Tuesday, June 5, 2018

John Pizzarelli Brings Sinatra, Cole, Jobim and Troupe to Decatur's Eddie's Attic

Mike Karn and John Pizzarelli
Like many an artist who follow a career that was trailblazed by their fathers, the guitarist John Pizzarelli will always be compared to his father, the now ninety-two-year-old and still swinging jazz guitarist Bucky Pizzarelli. The challenge-to be accepted for one’s own value- was even implied in John’s 1983 debut album titled I’m Hip (Please Don’t Tell My Father).

The now fifty-eight-year-old John Jr. has carved his own place in the world of jazz and contemporary popular music. He is in fact a very accomplished guitarist in his own right, with artful phrasing, a deft sense of time and a fluid facility on the fretboard. John’s true talent is in his vocal acumen and relaxed stage presence which was on bountiful display on Monday night at Decatur’s Eddie’s Attic.

This was the last set of the last night, of a two night gig. The previous night presumably were both sold out shows. On this Monday evening the venue was half-filled with an older crowd of fans that came to see Pizzarelli tell his stories, sing his songs and play his guitar. John was accompanied by bassist Mike Karn.

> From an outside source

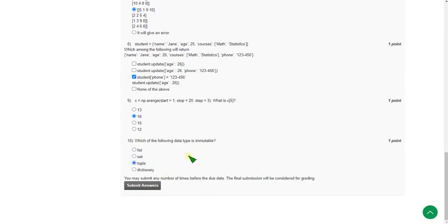So friends, these are the answers for the Python for Data Science Week 2 assignment. I hope all these answers are correct — if you have any doubt, please comment in the comment section. Visit again before submission in case I make any changes; I will update in the comment section and on the thumbnail. If you find the video helpful, please like, share, and subscribe for further weekly assignment solutions. Until then, goodbye and thank you.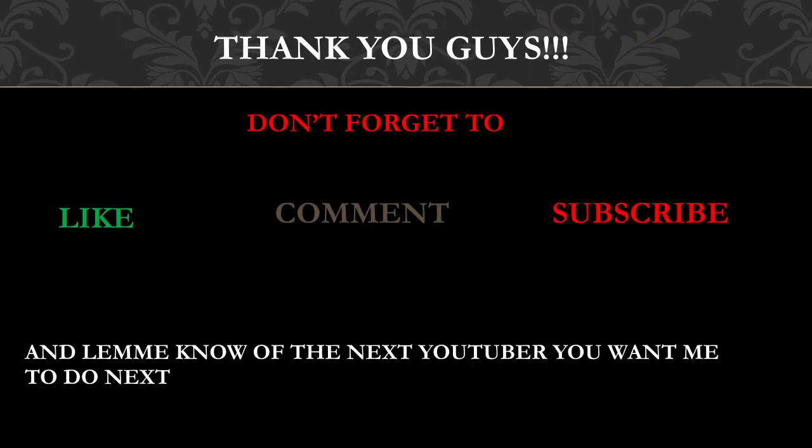Thank you guys. Don't forget to like, comment, subscribe, and share this video, and let me know the next YouTuber you want me to do next.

Pizzarelli was dressed in a grey pin-stripe suit and tie and projected a warm, friendly demeanor throughout the evening. He started with the tongue-in-cheek Bobby Troupe song “I’m Just a Hungry Man,” which set the tone of the evening as light and entertaining. From there he jumped into another quirky tune, written by Howard Dietz and Arthur Schwartz and made famous by the chanteuse Blossom Dearie “Rhode Island is Famous for You.”  Another Bobby Troupe composition Rte. 66 came next. Here the jazz historian and entertainer in Pizzarelli came out. He talked about his conversations with Troupe and how Bobby told him the story of pitching the song to Nat King Cole who made it one of his staples. In many respects Pizzarelli has patterned himself after Cole. While Cole was a consummate pianist it was his voice and that relaxed polish that won him legions of followers.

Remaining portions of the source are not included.